I know that such question has already been answered but what I am trying to figure out is that whether theres a more elementary way of doing so. I know the proof where we take the help of Legendre differential equation ie $$(1-x^2)y''-2xy'+n(n+1)y=0.$$ But I do not find it intuitive as that's not the proof that will strike you when you have just started dealing with these polynomials.
My Attempt
So my first approach towards this problem of proving $$\int _{-1}^{1} P_m (x) P_n (x) dx=0$$ where $P_i(x)$ is the $i$th degree Legendre polynomial is as follows:
Starting with $$P_m (x) = a \frac{d^m}{dx^m}(x^2-1)^m=a (x-1)^m(x+1)^m,$$ doing similar thing for $n$ and then somehow using Leibniz rule and saying that at $x=-1,1$ since $(x+1),(x-1)$ are $0$ respectively that's why the whole integral sums up to zero.
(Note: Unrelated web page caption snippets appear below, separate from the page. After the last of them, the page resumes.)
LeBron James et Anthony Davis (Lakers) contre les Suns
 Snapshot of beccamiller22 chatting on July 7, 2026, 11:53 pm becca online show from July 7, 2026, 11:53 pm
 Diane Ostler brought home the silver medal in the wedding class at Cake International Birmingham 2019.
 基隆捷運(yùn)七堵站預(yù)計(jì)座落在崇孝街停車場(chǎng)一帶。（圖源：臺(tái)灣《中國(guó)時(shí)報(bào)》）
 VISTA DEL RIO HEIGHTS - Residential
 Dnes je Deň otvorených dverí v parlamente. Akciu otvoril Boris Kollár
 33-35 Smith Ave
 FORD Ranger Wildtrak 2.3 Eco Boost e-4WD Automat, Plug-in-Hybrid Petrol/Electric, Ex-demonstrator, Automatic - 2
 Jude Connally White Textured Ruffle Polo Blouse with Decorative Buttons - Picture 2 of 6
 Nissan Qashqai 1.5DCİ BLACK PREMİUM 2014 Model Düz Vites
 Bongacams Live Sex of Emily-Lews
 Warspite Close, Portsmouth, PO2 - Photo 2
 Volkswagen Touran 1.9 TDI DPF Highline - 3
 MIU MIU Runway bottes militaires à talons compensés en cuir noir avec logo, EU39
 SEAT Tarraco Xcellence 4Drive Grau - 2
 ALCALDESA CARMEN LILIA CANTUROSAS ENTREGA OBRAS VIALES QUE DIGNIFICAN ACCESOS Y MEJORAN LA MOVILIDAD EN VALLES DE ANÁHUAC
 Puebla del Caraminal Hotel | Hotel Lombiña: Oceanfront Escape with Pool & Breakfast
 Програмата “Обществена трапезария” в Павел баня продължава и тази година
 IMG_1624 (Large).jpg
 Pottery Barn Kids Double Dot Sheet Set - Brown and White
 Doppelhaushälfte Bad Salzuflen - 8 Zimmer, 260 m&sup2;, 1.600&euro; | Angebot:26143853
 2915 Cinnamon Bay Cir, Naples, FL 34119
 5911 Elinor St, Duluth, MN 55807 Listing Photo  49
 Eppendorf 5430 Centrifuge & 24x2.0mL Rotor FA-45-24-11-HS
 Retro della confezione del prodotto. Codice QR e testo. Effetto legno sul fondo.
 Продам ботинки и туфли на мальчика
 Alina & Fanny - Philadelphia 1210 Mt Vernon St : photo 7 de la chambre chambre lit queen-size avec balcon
So preceding with your idea of using Rodrigue's formula for the Legendre polynomials $P_n (x)$, namely $$P_n (x) = \frac{1}{2^n n!} \frac{d^n}{dx^n} [(x^2 - 1)^n],$$ I will start by considering the integral $$\int_{-1}^1 f(x) P_n (x) \, dx.$$
Substituting Rodrigues formula for $P_n (x)$ into the above integral followed by integrating by parts $n$ times, recoginising the term $(x^2 - 1)$ repeatedly cancels at either of the end-points, one will be left with $$\int_{-1}^1 f(x) P_n (x) \, dx = \frac{(-1)^n}{2^n n!} \int_{-1}^1 f^{(n)}(x) (x^2 - 1)^n \, dx.\tag1$$
If $f(x) = P_m (x)$ where $m$ is an integer such that $0 \leqslant m < n$, since $P_m (x)$ is a polynomial of degree $m$ which is less than $n$, we have $$f^{(n)}(x) = \frac{d^n}{dx^n} [P_m(x)] = 0,$$ and from (1) we see that $$\int_{-1}^1 P_m (x) P_n (x) \, dx = 0, \quad m \neq n,$$ as required.